L’armée émet un ordre d’évacuation à l’encontre d’une communauté de bergers palestiniens de la Vallée du Jourdain
300 personnes gardent leurs troupeaux dans un secteur déclaré comme zone restreinte. L'armée affirme que ce passage à l'action concerne des constructions illégales répétées
L’armée israélienne a ordonné à environ 300 Palestiniens d’évacuer une zone de la vallée du Jourdain où vivaient ces derniers, majoritairement dans des cabanes ou sous des tentes utilisées par les bergers et leurs troupeaux, a rapporté le quotidien Haaretz dimanche.
Cet ordre d’évacuation couvre un périmètre d’environ 10 hectares, sur des terres qui incluent les communautés d’Ain al-Hilweh et d’Um Jamel. Entre les deux, les habitants élèvent environ 4 000 moutons, 200 chameaux et 600 vaches, sur des terres qui appartiennent à des Palestiniens privés ou à l’église latine, a fait savoir l’article.
La semaine dernière, les soldats de l’armée israélienne ont affiché des dépliants indiquant aux résidents du secteur que l’armée appliquerait une ordonnance contre les « constructions non-autorisées ».
Ce dépliant n’a été affiché sur aucune des constructions mais le long des routes avoisinantes. S’il a été signé par le général de division Roni Numa, commandant des forces israéliennes en Cisjordanie, le 1er novembre, il n’a été distribué que jeudi dernier, a noté Haaretz.
Il interdit à tous ceux qui se trouvent dans le secteur d’y construire ou d’y amener des biens personnels et ordonne la démolition de ce qui s’y trouve dans les huit jours.
Ce même commandement a déjà été utilisé dans le passé pour faire disparaître des avants-postes illégaux en Cisjordanie établis par les habitants israéliens d’implantations, a fait savoir l’article.
Il y a deux semaines, les soldats sont arrivés dans le secteur et ont demandé aux résidents de montrer leurs papiers d’identité, ont déclaré les habitants. Les militaires ont également pris des photos à l’aide d’un drone.

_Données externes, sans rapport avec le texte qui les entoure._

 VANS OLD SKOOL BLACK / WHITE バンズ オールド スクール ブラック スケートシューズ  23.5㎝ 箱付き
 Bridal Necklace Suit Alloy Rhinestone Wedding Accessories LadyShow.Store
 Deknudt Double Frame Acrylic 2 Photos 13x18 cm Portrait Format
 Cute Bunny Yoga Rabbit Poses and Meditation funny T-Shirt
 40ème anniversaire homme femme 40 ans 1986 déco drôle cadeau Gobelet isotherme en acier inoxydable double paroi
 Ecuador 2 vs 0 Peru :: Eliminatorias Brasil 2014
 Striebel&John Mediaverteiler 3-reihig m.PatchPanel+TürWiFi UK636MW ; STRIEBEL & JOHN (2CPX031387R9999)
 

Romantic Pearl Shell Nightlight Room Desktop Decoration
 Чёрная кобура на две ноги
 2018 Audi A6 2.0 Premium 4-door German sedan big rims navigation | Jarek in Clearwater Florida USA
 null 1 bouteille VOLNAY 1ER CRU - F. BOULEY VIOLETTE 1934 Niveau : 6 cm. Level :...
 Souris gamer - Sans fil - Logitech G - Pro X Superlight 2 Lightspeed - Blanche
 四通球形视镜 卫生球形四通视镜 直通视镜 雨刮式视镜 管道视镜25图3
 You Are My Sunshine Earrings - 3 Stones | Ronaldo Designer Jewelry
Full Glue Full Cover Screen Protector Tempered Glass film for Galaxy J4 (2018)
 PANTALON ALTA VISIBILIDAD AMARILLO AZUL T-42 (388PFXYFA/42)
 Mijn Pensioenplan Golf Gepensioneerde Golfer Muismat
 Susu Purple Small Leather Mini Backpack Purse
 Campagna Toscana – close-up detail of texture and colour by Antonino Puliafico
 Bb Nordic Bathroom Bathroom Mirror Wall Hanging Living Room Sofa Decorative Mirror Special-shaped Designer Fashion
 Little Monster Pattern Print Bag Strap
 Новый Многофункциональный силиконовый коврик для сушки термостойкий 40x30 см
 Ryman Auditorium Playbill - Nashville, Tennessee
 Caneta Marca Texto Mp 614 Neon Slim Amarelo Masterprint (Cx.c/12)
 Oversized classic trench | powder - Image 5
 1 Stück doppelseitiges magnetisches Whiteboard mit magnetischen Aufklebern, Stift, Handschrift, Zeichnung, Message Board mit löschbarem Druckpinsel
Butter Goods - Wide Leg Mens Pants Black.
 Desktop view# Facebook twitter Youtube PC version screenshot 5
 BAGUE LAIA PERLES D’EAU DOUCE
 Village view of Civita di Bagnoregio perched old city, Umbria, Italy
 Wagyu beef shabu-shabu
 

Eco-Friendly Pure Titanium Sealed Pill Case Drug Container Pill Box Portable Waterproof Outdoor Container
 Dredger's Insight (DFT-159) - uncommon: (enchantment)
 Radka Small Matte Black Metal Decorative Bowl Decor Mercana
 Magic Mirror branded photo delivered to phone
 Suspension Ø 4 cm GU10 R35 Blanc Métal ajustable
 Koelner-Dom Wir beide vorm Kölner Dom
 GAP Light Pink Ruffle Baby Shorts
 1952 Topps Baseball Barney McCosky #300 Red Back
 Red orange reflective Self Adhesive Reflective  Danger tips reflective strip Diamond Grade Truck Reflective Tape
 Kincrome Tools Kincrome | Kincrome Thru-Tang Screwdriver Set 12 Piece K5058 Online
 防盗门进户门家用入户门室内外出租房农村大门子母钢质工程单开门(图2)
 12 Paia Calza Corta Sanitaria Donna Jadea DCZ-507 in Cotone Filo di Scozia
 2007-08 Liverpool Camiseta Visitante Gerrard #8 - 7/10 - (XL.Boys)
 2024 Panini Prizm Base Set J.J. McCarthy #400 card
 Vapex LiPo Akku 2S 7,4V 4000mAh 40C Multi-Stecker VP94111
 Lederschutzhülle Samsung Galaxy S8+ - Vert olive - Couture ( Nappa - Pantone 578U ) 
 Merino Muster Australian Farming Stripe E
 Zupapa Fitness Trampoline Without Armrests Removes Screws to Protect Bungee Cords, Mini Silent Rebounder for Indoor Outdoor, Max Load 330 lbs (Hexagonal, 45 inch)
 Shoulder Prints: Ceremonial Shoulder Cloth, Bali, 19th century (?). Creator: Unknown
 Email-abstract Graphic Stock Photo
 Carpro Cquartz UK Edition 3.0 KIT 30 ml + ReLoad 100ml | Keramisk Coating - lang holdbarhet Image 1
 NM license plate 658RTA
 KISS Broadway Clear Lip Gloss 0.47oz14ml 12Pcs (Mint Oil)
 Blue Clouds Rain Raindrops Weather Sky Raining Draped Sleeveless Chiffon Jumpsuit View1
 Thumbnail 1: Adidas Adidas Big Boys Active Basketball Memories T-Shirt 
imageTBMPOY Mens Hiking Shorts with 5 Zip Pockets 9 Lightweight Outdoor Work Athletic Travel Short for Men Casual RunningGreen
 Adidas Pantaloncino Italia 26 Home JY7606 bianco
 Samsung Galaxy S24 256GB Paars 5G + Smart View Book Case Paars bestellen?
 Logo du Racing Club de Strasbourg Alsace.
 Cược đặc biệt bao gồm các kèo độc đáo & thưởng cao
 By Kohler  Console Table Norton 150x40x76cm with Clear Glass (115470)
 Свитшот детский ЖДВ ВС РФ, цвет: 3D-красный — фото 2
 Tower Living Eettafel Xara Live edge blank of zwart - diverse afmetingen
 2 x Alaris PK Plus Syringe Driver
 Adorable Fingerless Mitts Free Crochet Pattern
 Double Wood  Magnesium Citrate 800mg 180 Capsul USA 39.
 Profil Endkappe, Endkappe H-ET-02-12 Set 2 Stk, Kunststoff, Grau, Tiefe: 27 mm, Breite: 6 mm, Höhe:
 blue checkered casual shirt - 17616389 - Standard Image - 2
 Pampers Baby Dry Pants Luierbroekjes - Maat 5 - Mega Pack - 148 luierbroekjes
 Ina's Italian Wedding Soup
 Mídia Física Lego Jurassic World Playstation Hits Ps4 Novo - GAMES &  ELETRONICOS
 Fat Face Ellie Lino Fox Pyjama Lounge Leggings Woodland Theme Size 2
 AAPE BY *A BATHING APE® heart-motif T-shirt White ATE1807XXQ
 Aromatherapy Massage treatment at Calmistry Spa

De telles actions précèdent souvent des évacuations et les démolitions de constructions menées par l’armée israélienne et l’administration civile, même si les résidents ont noté qu’ils n’ont rencontré aucun responsable de cette dernière accompagnant les soldats.
Dans une déclaration faite samedi soir à Haaretz, le coordinateur des activités gouvernementales dans les territoires a indiqué que l’ordre ne se réfère qu’aux constructions et nullement à l’entrée dans la zone.
« Le 9 novembre 2017, un ordre de restriction a été émis dans le cadre de mesures d’application de la loi à l’encontre des constructions illégales dans le secteur. Ce nouvel ordre concerne les constructions illégales et non ceux qui se trouvent dans le périmètre », a fait savoir le COGAT.
« Ces dernières années, un certain nombre de familles ont commencé de manière répétée à construire illégalement dans la zone. En ce qui concerne certaines des constructions, les autorités sont en train de réexaminer les dossiers suite à des appels formulés par leurs habitants. Aucune action ne sera entreprise dans leur cas avant le terme du réexamen ».
L’avocat Towfik Jabarin de la ville arabe israélienne d’Umm al-Fahm, au nord du pays, qui représente les habitants, a envoyé une lettre d’objection samedi à l’armée israélienne, via l’avocat général militaire. Il a déploré dans la missive la manière dont les dépliants ont été affichés et distribués huit jours après qu’ils ont été signés.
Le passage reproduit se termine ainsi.